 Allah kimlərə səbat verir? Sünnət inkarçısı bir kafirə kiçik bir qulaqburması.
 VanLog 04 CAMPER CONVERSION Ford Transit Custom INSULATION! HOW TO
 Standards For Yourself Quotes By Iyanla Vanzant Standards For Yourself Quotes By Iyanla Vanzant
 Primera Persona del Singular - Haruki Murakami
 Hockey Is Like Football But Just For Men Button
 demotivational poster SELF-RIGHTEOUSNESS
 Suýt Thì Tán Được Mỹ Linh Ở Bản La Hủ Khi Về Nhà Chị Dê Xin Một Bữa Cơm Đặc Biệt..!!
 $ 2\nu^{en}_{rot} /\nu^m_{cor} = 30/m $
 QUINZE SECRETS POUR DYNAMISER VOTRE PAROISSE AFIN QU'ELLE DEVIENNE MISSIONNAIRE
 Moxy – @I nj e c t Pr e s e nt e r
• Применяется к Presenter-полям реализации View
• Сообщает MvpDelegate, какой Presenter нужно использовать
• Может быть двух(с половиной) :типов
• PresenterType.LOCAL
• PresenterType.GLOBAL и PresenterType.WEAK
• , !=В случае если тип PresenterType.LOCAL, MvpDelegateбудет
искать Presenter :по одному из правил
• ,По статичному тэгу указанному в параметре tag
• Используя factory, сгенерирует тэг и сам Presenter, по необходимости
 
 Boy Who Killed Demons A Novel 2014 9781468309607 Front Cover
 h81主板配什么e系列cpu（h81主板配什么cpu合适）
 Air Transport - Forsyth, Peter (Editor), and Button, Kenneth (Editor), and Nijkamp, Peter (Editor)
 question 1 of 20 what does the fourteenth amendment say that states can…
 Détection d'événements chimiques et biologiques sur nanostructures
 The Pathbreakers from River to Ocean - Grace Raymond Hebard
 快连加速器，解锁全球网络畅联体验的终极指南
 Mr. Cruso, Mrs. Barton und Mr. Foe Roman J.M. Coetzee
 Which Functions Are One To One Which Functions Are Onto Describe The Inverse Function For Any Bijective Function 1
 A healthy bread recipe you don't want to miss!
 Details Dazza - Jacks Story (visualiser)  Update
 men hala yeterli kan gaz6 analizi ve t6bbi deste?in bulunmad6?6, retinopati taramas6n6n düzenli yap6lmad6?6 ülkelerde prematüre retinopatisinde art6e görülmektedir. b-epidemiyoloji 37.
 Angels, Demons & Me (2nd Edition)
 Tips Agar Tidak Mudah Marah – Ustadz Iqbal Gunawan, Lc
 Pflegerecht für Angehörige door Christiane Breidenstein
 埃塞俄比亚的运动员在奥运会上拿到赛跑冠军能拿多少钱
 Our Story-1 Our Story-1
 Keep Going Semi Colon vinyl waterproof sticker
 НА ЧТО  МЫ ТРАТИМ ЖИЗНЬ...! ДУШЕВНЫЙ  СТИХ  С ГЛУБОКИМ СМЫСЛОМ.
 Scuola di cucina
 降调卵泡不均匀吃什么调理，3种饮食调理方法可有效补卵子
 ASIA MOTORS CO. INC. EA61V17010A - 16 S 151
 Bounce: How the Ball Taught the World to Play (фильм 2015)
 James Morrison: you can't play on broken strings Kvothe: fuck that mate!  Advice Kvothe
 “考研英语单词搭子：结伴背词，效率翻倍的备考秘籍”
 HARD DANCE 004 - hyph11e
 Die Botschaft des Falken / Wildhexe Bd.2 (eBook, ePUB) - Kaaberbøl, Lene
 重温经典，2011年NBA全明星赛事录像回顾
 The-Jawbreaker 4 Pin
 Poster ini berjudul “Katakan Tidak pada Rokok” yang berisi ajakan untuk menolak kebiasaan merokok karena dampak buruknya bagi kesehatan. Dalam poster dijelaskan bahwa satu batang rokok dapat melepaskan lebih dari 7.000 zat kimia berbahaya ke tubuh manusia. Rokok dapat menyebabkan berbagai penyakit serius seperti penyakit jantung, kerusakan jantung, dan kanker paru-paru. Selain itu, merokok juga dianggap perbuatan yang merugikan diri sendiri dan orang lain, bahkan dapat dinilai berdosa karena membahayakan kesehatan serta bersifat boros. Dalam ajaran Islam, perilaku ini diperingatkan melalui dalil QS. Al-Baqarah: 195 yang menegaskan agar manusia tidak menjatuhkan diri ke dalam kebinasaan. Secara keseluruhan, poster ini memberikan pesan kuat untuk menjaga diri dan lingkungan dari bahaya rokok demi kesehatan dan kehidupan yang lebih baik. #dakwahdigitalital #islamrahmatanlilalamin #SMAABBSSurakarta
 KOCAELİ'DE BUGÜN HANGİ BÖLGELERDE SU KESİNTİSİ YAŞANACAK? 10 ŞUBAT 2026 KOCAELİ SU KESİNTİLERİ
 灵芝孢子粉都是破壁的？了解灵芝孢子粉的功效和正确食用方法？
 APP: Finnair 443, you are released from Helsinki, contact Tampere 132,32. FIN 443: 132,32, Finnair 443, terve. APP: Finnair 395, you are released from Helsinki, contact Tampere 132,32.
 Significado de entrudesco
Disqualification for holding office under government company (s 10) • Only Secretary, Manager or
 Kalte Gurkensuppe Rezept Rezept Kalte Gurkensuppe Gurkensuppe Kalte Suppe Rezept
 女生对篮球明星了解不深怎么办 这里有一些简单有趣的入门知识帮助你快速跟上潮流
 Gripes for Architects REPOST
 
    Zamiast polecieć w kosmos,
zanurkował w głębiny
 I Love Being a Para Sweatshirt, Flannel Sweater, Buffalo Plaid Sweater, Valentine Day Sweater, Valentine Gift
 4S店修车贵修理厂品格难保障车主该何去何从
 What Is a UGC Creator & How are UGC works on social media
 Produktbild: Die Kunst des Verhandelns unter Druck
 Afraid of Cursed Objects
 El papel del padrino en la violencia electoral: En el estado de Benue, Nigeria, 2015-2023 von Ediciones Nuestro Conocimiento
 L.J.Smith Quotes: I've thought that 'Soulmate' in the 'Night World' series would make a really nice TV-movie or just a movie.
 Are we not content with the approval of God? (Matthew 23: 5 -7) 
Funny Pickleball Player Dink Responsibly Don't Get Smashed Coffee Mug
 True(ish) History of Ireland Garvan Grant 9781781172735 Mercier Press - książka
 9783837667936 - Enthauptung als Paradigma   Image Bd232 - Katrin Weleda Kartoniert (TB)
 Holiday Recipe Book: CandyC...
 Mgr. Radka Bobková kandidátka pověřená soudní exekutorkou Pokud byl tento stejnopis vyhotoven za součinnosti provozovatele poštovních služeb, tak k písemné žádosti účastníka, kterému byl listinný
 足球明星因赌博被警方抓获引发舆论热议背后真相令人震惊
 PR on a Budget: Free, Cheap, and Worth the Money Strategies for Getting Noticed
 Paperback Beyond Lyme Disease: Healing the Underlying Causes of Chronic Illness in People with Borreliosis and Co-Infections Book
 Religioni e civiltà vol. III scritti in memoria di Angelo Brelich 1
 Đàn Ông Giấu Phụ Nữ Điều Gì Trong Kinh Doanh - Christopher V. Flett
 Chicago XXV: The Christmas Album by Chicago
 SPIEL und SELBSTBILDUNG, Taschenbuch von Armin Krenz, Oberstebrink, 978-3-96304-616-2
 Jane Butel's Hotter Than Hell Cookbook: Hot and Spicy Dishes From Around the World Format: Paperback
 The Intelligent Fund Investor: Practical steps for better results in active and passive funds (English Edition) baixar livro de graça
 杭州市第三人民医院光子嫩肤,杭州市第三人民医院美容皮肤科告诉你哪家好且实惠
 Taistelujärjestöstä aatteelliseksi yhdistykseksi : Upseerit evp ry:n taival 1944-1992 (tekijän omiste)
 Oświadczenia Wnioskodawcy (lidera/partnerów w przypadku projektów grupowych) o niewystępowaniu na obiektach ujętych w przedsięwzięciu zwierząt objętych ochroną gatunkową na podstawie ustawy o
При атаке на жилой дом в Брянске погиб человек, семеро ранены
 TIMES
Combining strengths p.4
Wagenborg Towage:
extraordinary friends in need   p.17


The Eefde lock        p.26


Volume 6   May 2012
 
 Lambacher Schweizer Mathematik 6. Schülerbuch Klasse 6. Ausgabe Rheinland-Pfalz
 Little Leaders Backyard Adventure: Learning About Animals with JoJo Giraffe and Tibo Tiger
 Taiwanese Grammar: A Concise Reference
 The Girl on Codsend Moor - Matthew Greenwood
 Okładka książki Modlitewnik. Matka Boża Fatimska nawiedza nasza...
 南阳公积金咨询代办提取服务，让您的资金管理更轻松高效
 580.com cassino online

__What this task involves__. For the lines above, output exactly those from the line containing "灵芝孢子粉都是破壁的？了解灵芝孢子粉的功效和正确食用方法？" through the line containing "Funny Pickleball Player", and skip the others.

__Reply__.
 灵芝孢子粉都是破壁的？了解灵芝孢子粉的功效和正确食用方法？
 APP: Finnair 443, you are released from Helsinki, contact Tampere 132,32. FIN 443: 132,32, Finnair 443, terve. APP: Finnair 395, you are released from Helsinki, contact Tampere 132,32.
 Significado de entrudesco
Disqualification for holding office under government company (s 10) • Only Secretary, Manager or
 Kalte Gurkensuppe Rezept Rezept Kalte Gurkensuppe Gurkensuppe Kalte Suppe Rezept
 女生对篮球明星了解不深怎么办 这里有一些简单有趣的入门知识帮助你快速跟上潮流
 Gripes for Architects REPOST
 
    Zamiast polecieć w kosmos,
zanurkował w głębiny
 I Love Being a Para Sweatshirt, Flannel Sweater, Buffalo Plaid Sweater, Valentine Day Sweater, Valentine Gift
 4S店修车贵修理厂品格难保障车主该何去何从
 What Is a UGC Creator & How are UGC works on social media
 Produktbild: Die Kunst des Verhandelns unter Druck
 Afraid of Cursed Objects
 El papel del padrino en la violencia electoral: En el estado de Benue, Nigeria, 2015-2023 von Ediciones Nuestro Conocimiento
 L.J.Smith Quotes: I've thought that 'Soulmate' in the 'Night World' series would make a really nice TV-movie or just a movie.
 Are we not content with the approval of God? (Matthew 23: 5 -7) 
Funny Pickleball Player Dink Responsibly Don't Get Smashed Coffee Mug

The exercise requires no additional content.